E um fato é que este escrito começou a ser construído a partir das lições de vida, dos caminhos existenciais, que surgiram com a amizade de um jovem com um rio.

As primeiras lições eram elementares.

Com o balseiro aprendi as tenuidades que as rotinas podem requerer; e acuidade dos sentidos. Diversas vezes atravessei os cento e cinqüenta metros nadando, ao lado da balsa, conhecendo então ensinamentos que não tinha quando desfrutava o translado comodamente sobre suas madeiras.

O assoalho arenoso ou argiloso do rio trouxe a suavidade dos limites.

A barra móvel do rio, que oscila centenas de metros, mostrou um vínculo com o mar que varia da animosidade ao sôfrego; que varia de modo a chegar, mais de uma vez, a uma mescla indefinida de algo sequioso e abundante. Isso ocorria quando ilhotas surgiam e desapareciam furtivamente em questão de horas. As ilhas recebiam nomes de acordo com as formas: ilha da canoa, ilha do barril, ilha da mama da vaca, ilha do careca.

Meu amigo rio causou-me medo em algumas ocasiões. Apenas seus motivos me acalmavam, mas nunca me abrandaram a tristeza.

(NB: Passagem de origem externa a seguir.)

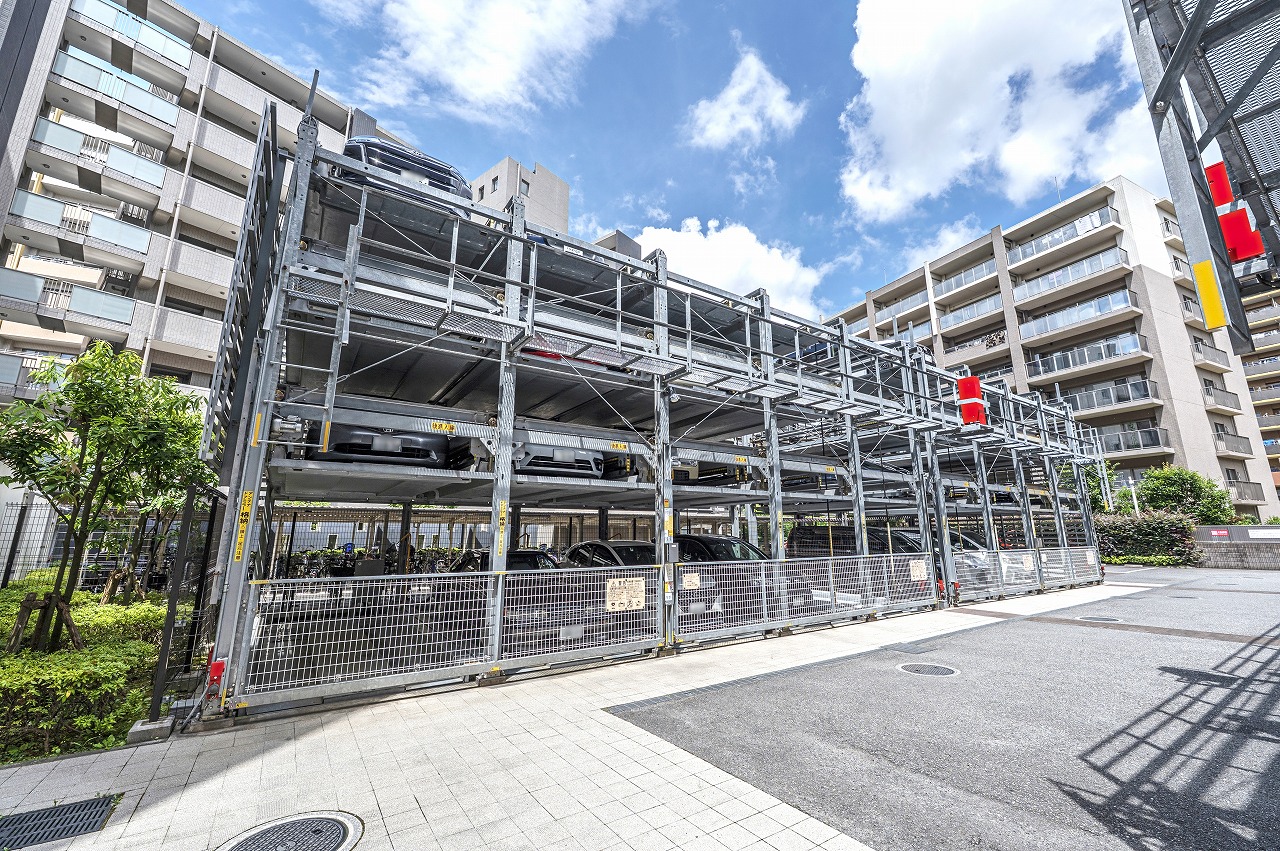 【機械式駐車場】防犯性の高い機械式駐車場が設けられています。空き状況・利用料など、詳しくはお気軽にお問い合わせください。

Quando a maior parte de sua mata ciliar foi seriamente magoada, seus peixes mais habituais, como a tainha e o cará, diminuíram as aparições; quando os restos peritosos do carvão contristaram as cores de suas águas, os tóxicos do plantio do arroz assorearam suas calhas, quando seu manguezal – um dos últimos limites austrais da América do Sul – foi açodado, e quando as encostas foram desmatadas, o rio passou a ter acessos de fúria. De vez em quando, inunda a rodovia, traz impetuosamente, de rastos, casas; alui pequenas aldeias, assola plantações inteiras. Nesses momentos entristeço.

Nadei em suas águas quentes quando o mar esteve friíssimo; passei tardes e pedaços de noite em suas margens mansas; acompanhei suas peles douradas pelo amanhecer e adormeci muitas vezes com a candura de seus sons.

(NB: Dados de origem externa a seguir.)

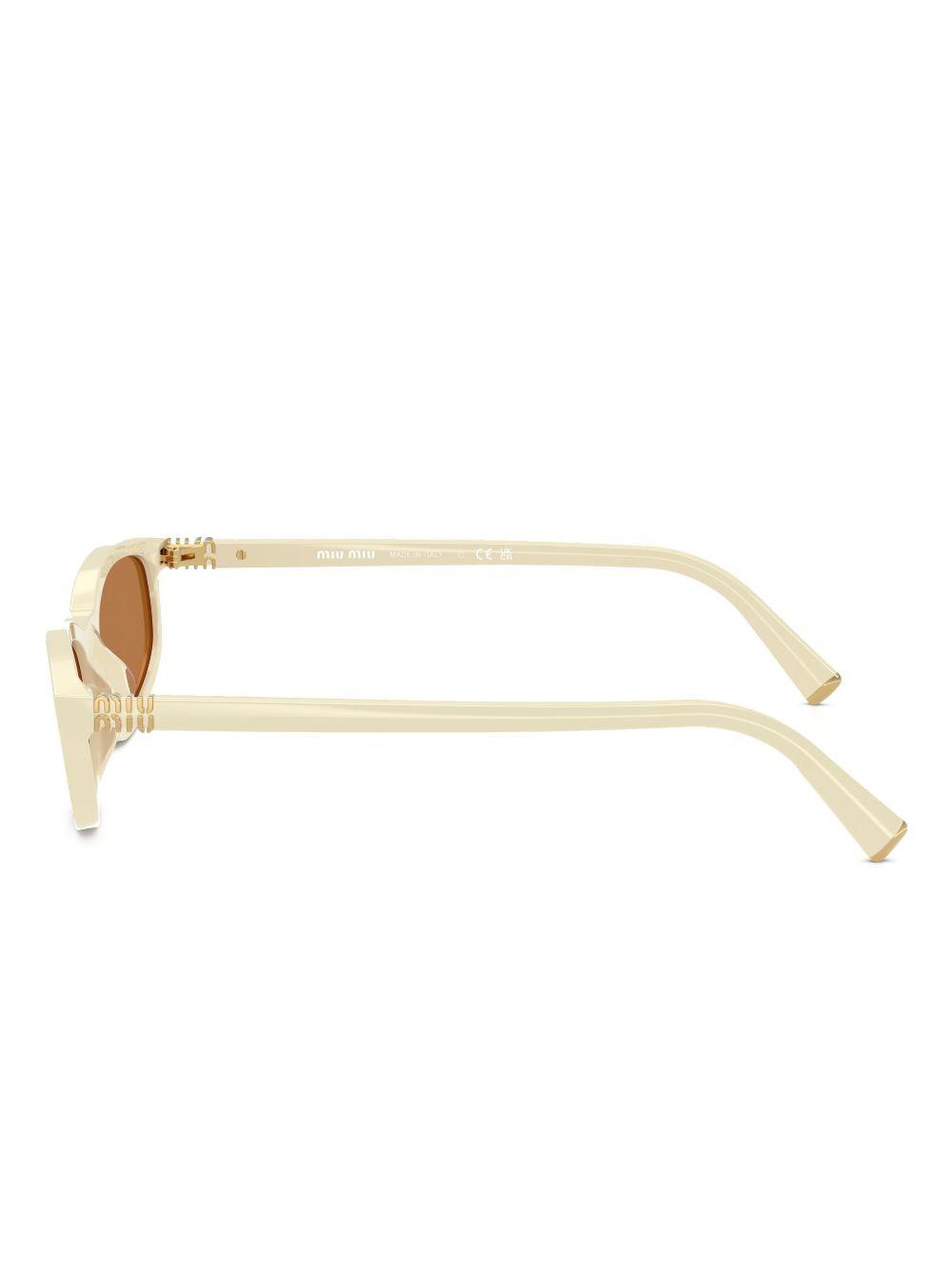 oval-frame sunglasses Product Image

Ao começar a escrever um livro, fui caminhar pelas margens do rio; hoje, ele está mudado, mas ainda repleto de muito do que me propiciou.O balseiro não existe mais e em seu lugar uma balsa a diesel leva e traz automóveis. Tirei muitas fotos para ilustrar estas páginas. Banhei-me, ouvi os sons, acompanhei os ventos. Perguntei em silêncio se fora invencionice ou fato a vez que nadei à noite com os botos que entram pelo canal da barra, que ainda hoje enfileiram os pescadores e suas tarrafas. E ele me perguntou se foi invencionice ou fato a vez que caminhei sobre suas águas.

Reflexões,experiências, desdobramentos aconteceram desde que nossa amizade começou. Aprendi novas lições, arrependi-me de outras, e descobri outros caminhos a partir daqueles.